Since this attack is on Instructure, not Georgetown directly, it remains unclear if the University is directly in talks with the group.
ShinyHunters is a financially motivated cybercriminal group that focuses on stealing large datasets from companies and institutions. They extort them for profit in a “pay-or-leak” style of ransomware attack, in which stolen data is published if victims refuse to pay. They have built a strong reputation for successfully leaking datasets.
In an email sent Thursday at 6:08 p.m.by Doug Little, Chief Information Officer, Norman J. Beauchamp Jr., Executive Vice President for Health Sciences, Soyica Diggs Colbert, Interim Provost, and Joshua C. Teitelbaum, Interim Dean and Executive Vice President at Georgetown Law Center, students were asked to not log into Canvas or attempt to launch the site in any way.
“In light of this security breach, Canvas is currently not available to the Georgetown community. For community members’ safety and security, the login button has been removed from our Canvas site. Please do not attempt to log into Canvas until an all-clear HOYAlert is sent,” the email instructs.
Georgetown joins the list of 9,000 other schools that have faced a cyberattack by the group within the last week, including all eight Ivy League universities, MIT, and Duke. ShinyHunters claim to have stolen information affiliated with 275 million students, teachers, and others closely associated with the affected institutions. Reporters at The Daily Pennsylvanian, the University of Pennsylvania’s news outlet, contactedShinyHunters and were given confirmation that the group had stolen student data
The Georgetown Canvas page currently states “Canvas is down worldwide. Georgetown is working with Instructure to restore services.” The Instructure website claims that Canvas, Canvas Beta, and Canvas Test are unavailable and that the issue is being investigated as of 2:41 p.m., and Canvas LMS is under maintenance.

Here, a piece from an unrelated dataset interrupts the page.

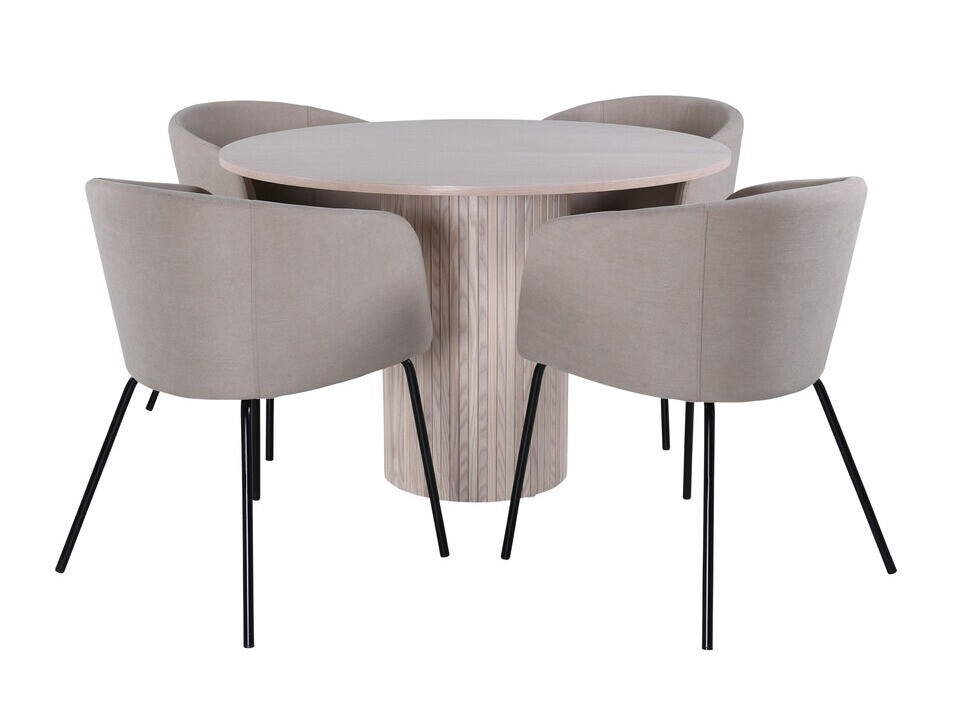 Set de dining Dallas 2557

The breach finds students right in the midst of exam season, with the last day of exams coming up in two days on Saturday, May 9.
“We ask that faculty be flexible where possible with final exam, project and paper deadlines. Students, please email your instructor directly if you have time-sensitive questions,” the email said.
Instructure is a LMS used by 50% of all colleges and universities in North America. Other targets by ShinyHunters have included Ticketmaster, education publisher McGraw Hill, and Google, but in these cases the companies have publicly denied paying or have explicitly refused to negotiate.